Noch einen Unterschied gibt es: Er möchte, dass sie zum ihm nach Berlin zieht. Endlich eine richtige Beziehung haben. Sie möchte in Wien bleiben. Keinem Mann mehr hörig sein, wie sie es ihrer ersten, inzwischen verstorbenen Liebe Leo war. Liebt sie die Zellen also mehr als Erik? Oder ihre Unabhängigkeit? Hat sie nach Leo zwar gelernt, Nein zu sagen, aber dafür das Ja-Sagen verlernt?
Elisabeth Reichart konfrontiert ihre Leser mit Spaltungen aller Art: Da sind nicht nur die Zellspaltungen, sondern auch die Spaltungen in der eigenen Persönlichkeit: Auf der einen Seite steht bei der Protagonistin das Bedürfnis, ungebunden zu bleiben, aber auf der anderen ist da doch ein Wunsch nach Nähe. Sind all ihre Zellreparaturen vielleicht letzten Endes der Versuch, diese beiden Seiten an ihr selbst zu reparieren und zu vereinen – nicht mehr länger zwiegespalten zu sein?

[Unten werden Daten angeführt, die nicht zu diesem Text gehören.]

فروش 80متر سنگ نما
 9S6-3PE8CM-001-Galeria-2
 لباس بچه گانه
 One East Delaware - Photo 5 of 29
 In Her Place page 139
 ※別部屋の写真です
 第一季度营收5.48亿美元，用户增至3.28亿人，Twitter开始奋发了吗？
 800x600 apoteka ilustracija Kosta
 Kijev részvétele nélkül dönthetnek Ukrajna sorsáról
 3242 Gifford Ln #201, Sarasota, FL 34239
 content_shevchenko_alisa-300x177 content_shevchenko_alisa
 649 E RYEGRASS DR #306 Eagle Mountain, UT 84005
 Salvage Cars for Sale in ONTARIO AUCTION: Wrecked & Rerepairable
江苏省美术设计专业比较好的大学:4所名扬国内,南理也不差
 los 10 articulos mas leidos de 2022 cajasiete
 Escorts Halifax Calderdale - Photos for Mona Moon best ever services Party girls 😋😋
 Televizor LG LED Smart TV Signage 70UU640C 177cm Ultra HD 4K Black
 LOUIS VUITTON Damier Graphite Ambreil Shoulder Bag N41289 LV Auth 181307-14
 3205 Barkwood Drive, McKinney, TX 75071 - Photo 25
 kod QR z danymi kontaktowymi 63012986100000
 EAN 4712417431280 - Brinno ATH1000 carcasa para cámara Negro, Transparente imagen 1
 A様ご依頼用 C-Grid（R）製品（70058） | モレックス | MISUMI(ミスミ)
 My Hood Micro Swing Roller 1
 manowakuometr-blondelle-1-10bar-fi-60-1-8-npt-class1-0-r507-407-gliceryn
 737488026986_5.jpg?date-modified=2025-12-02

Aber auch Spaltungen in der Gesellschaft haben ihren Platz: Die Klüfte zwischen linken und rechten Parteien, zwischen In- und Ausländern werden thematisiert, als die Protagonistin voller Empathie zwei jungen Flüchtlingen helfen will, die ihr als unverheirateter Frau das Essen vor die Füße werfen und darauf spucken.
Reichart macht es sich und ihren Charakteren nicht zu einfach – nichts ist schwarz und weiß, alle diese Spaltungen werden in ihrer Mehrschichtigkeit und ganz klischeefrei beleuchtet. Sie verrät übrigens auch nicht, wie es ausgeht. Am Ende gibt es eine Veränderung – welche das ist, das bleibt unserer Phantasie überlassen. Aber was sie auch verrät oder nicht verrät, sie tut es in einer Sprache, die, in einem Wort, einfach schön ist: flüssig und leicht, öfter mal mit Ellipsen oder mit Schrägstrichen, und genauso lebendig, wie es die geliebten Zellen der Protagonistin sind. Sie bringt vielleicht die Zellen zum Tanzen – bei Reichart tanzen die Worte.